Q. Why not use Ordasity?
We have an existing work running system written in Go and needed a new distribution library for it. There's over 25k lines of Go we'd like to reuse and couldn't with Ordasity as it runs on the JVM.
Q. Why not use donut?
We evaluated donut and found it far from production ready. While we've been inspired by many of its basic interfaces there really wasn't much code we were interested in reusing. At ~600 lines of code in donut, starting from scratch didn't seem like it would lose us much.
That being said we're very appreciative of donut! It heavily influenced our initial design.
Q. Why not use goworker (or similar)?
goworker does not support rebalancing and appears to be more focused on a high rate (>1/s) of short lived work items. Metafora is designed for a low rate (<1/s) of long lived work items. This means rebalancing running work is critical.
There are a lot of projects in the short-lived offline task processing space, but few if any handle task state, rebalancing, consistent operation during partitions, and other features critical for long running tasks.
Q. Why not use a cluster management framework like Mesos or Kubernetes?
You can use a cluster management framework to run Metafora, but you shouldn't use Metafora as a cluster management framework.

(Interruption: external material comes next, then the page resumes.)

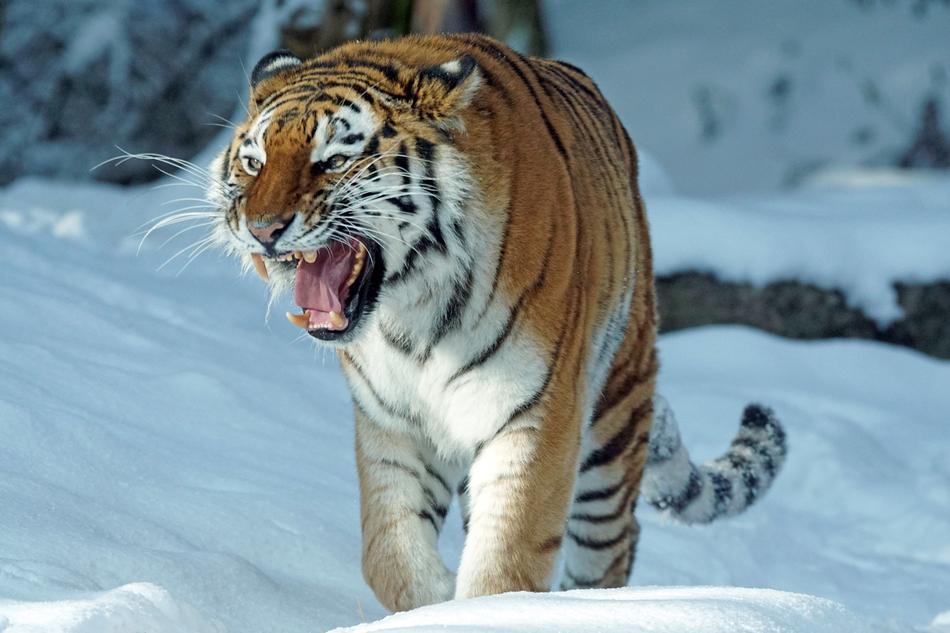 wild tiger in the snow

While Metafora tasks are long lived, they're often not individually large or necessarily resource intensive. For example, tasks in the Sleeping state stay resident in memory to handle any wakeup events (either from a timer or external command). Cluster management frameworks' smallest unit of work tends to be an operating system process.
Lytics often runs over 500 tasks per server in a Metafora cluster. 500 OS processes would incur nontrivial overhead compared to 500 Metafora tasks, not to mention be much harder to manage.
The second reason for preferring Metafora tasks to OS processes is a much richer command structure. Signals are the only command mechanism OS processes have builtin. Metafora's state machine provides a much easier to use and more featureful interface for tasks.
Cluster management frameworks are quite large in terms of code and operational complexity -- for good reason! They're a much more powerful and general purpose tool than Metafora. Metafora is being written, deployed, and maintained by a very small team, so minimizing operational complexity and overhead is a key feature.
While Lytics has not run into any firm limits, our current estimates are that Metafora with the etcd coordinator can scale to:
- Tens of thousands of concurrently running tasks (number of servers depends on resource utilization of each task).
- Hundreds of state transitions (task created, sleeping, etc.) per second.
Since etcd is designed for consistency before raw throughput, it is the limiting factor for cluster growth.
If you need more concurrent tasks or transtions it's recommended you run multiple etcd clusters and multiple Metafora consumers. A single OS process can run multiple Metafora consumers, so you only have to manage a single logical Metafora cluster of servers despite there being multiple etcd clusters and namespaces.
It's Greek for "transfer" and also refers to a winch on boats. We borrowed the Greek naval naming theme from Kubernetes.